A generic spectrometer uses an entrance slit and a dispersing element, followed by an exit slit, and finally a detector to record an isolated wavelength of the solar spectrum. A basic photometer has an aperture, a filter to isolate a fixed range of wavelengths, and a detector. Both measurement approaches require knowledge of the aperture area, the throughput of the instrument, the spectral bandpass (exit slit width for the spectrometer and effective filter bandwidth for the photometer), and the sensitivity of the detector in order to convert the raw signals into irradiances.

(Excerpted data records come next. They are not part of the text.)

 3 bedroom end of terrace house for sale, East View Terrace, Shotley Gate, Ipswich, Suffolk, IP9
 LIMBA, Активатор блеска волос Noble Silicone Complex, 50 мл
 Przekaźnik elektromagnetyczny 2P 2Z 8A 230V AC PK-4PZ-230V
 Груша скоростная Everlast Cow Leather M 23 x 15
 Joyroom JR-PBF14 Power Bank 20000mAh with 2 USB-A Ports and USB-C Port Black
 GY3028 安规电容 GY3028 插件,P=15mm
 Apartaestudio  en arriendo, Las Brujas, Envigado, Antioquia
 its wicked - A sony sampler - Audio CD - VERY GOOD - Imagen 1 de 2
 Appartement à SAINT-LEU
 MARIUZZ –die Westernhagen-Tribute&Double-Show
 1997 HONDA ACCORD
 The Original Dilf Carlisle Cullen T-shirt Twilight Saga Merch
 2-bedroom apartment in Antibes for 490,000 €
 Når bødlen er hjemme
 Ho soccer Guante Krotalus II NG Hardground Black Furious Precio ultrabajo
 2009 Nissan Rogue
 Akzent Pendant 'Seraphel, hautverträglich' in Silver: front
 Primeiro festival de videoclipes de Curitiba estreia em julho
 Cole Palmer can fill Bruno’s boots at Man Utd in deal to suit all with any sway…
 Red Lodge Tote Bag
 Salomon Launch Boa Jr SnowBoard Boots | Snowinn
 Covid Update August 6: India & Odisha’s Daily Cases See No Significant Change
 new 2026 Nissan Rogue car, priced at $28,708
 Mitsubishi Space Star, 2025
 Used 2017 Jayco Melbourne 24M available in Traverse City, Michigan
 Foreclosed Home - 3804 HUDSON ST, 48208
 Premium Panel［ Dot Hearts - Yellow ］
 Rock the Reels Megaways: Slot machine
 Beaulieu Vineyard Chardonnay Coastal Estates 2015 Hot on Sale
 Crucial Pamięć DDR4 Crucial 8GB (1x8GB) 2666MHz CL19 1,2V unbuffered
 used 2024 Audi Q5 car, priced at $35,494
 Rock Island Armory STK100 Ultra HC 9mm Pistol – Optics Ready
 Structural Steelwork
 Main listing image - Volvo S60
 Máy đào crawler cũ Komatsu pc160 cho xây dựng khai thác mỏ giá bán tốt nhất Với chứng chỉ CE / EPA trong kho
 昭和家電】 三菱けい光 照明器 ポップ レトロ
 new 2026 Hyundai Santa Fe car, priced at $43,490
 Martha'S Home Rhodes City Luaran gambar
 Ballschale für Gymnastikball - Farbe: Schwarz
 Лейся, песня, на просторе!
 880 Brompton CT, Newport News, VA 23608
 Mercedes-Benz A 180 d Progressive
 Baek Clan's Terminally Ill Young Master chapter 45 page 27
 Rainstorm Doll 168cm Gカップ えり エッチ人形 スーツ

Data Provided by Instrument Overivew
SORCE provides precise daily measurements of the TSI with the TIM instrument, as well as the Solar Spectral Irradiance (SSI) at wavelengths extending from the far ultraviolet to the near infrared with the SOLSTICE, SIM, and XPS instruments. TIM monitors changes in incident sunlight to the Earth’s atmosphere via an ambient temperature active cavity radiometer. Using a new development that incorporates state-of-the-art technologies in its Electrical Substitution Radiometers (ESRs) while taking full advantage of new materials and modern electronics, the TIM measures TSI to an absolute accuracy of 100 parts per million (ppm), where 1 ppm = 0.0001%, with a precision and long-term relative accuracy of 10 ppm per year. The SOLSTICE instrument package is a derivative of the UARS SOLSTICE G- and F-channels; and in combination, they measure the solar UV irradiance from 115 to 320 nm with a spectral resolution of 0.1 nm. The SOLSTICE instrumentation on SORCE constitutes a continuation of the SOLSTICE solar-stellar comparison technique, as first demonstrated on the UARS SOLSTICE mission, launched in 1991. The two ultraviolet channels on SORCE are similar to the UARS SOLSTICE, in that they have the unique ability to observe bright stars using the same optics and detectors employed for the solar observations. In this way the stars become calibration standards against which the Sun is measured. SORCE also includes the newly developed SIM instrument to incorporate an entirely different technique using a self-calibrating optical system and an absolute ESR detector. The SIM uses a prism as the single optical element and an ESR as the primary detector. This instrument has a measurement requirement of 0.03% absolute accuracy and long-term relative precision of 0.01% per year. The XPS instrument measures the very energetic EUV and soft x-ray flux, where the solar variability exceeds a factor or two. Its precision and relative accuracy requirements are therefore on the order of ±10%.
Instrument Module (IM)
The five instruments, TIM, SIM, SOLSTICE A and B, and XPS, are mounted and precisely aligned on an optical bench. Also mounted to the bench are the sun sensors and the star trackers. This assembly, including electronic boxes and associated cable harness, is referred to as the Instrument Module (IM). The IM is mounted to the spacecraft.